Nobel apologies
The persons who award the Nobel prize are likely to have a slightly different view of the world than we do.
From Wikipedia:
According to Nobel’s will, the Peace Prize should be awarded “to the person who shall have done the most or the best work for fraternity between nations, for the abolition or reduction of standing armies and for the holding and promotion of peace congresses.”
People seem to forget sometimes that not everything revolves around America and our cultural viewpoint. The persons who select the winner of a Nobel prize are appointed by the Norwegian Parliament, and are likely to have a slightly different view of the world – and of our own country – than we do. What they do they do for their own reasons, and probably not without deliberation and debate.

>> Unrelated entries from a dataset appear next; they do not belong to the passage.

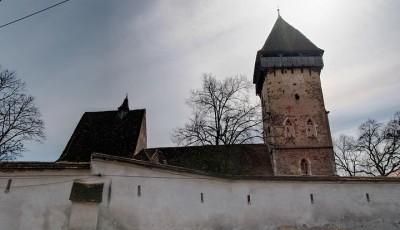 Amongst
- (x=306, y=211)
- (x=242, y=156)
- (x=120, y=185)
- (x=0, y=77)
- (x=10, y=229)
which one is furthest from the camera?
(x=242, y=156)

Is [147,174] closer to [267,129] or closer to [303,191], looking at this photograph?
[303,191]

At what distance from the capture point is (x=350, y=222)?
33.1ft

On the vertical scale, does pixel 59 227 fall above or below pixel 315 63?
below

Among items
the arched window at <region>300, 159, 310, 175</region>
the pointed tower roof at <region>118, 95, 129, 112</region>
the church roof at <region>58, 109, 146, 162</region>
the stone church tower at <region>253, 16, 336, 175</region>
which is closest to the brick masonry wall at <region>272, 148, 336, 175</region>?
the stone church tower at <region>253, 16, 336, 175</region>

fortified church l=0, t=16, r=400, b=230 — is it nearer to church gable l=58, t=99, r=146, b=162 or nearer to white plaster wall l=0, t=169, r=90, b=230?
white plaster wall l=0, t=169, r=90, b=230

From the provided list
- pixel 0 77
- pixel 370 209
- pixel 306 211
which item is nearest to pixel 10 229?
pixel 306 211

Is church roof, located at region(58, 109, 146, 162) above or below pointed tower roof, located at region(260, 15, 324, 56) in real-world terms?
below

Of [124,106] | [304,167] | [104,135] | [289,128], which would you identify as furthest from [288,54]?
[104,135]

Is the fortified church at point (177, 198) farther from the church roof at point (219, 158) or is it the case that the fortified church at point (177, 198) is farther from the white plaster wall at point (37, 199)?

Peace is a theoretical construct, like infinity, perfection and a frictionless surface. Human nature, material need, the Law of Conservation of Mass, and the First Law of Thermodynamics collectively suggest that there will never be peace on this planet. However, just because it’s impossible doesn’t mean there isn’t honor in the pursuit of it. Over the last eight years or so, this country’s government has operated (more or less) under what was quite dramatically called “The Bush Doctrine” and the policy of preventative war. This was a tacit acceptance of the fact that there will never be peace on this earth and a rejection of the pursuit of the impossible. It’s a very pragmatic and sad view of the world (like many other views of the world held by political conservatives) that see us never being able to be better than we are, and therefore following a policy of protecting and enriching the self at the expense of a flawed and dangerous “other”. It is a view that sees an absence of peace and recognizes everyone is a potential enemy.

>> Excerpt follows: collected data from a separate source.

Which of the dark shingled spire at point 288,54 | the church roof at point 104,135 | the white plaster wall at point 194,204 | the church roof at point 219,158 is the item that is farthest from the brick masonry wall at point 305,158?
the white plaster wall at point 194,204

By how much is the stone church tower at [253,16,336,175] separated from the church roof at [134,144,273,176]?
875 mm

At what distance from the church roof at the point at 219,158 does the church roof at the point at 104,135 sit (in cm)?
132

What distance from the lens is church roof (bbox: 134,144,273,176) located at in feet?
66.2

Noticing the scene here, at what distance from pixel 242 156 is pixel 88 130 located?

In stark contrast to that view, we now have an administration headed by Barack Obama. Here is a president who realizes not only the nobility of the pursuit of peace, but it’s importance from a strategic perspective. This is a view that sees the value in pursuing that which is impossible and hopes we might one day violate the laws of physics, defy our darker natures, and glide effortlessly along that frictionless surface into a future where we will be acted upon by an external force.
I can only imagine what this philosophical shift in our country’s attitude toward the rest of the world looks like to people in other countries. We must be like Dr. Jeckyll and Mr. Hyde – one mind with opposite natures, diametrically opposed, expressed one at a time in our outward face. In 2009 we were suddenly another person – although the specter of our darker nature still roils beneath the surface, waiting to emerge again.
I personally don’t believe the Nobel Prize need necessarily award accomplishment. Peace will never be accomplished. But here is a head of state who has shifted an entire country in a direction that works toward that impossible goal instead of away from it. And that is laudable.
I do have to wonder, however, how many other people in history have had to apologize for winning the Nobel Peace Prize. Would people really question him if he weren’t so young or so black? How many headlines would be printed about the Nobel Prize being a liability of this were Huckabee, or Bush?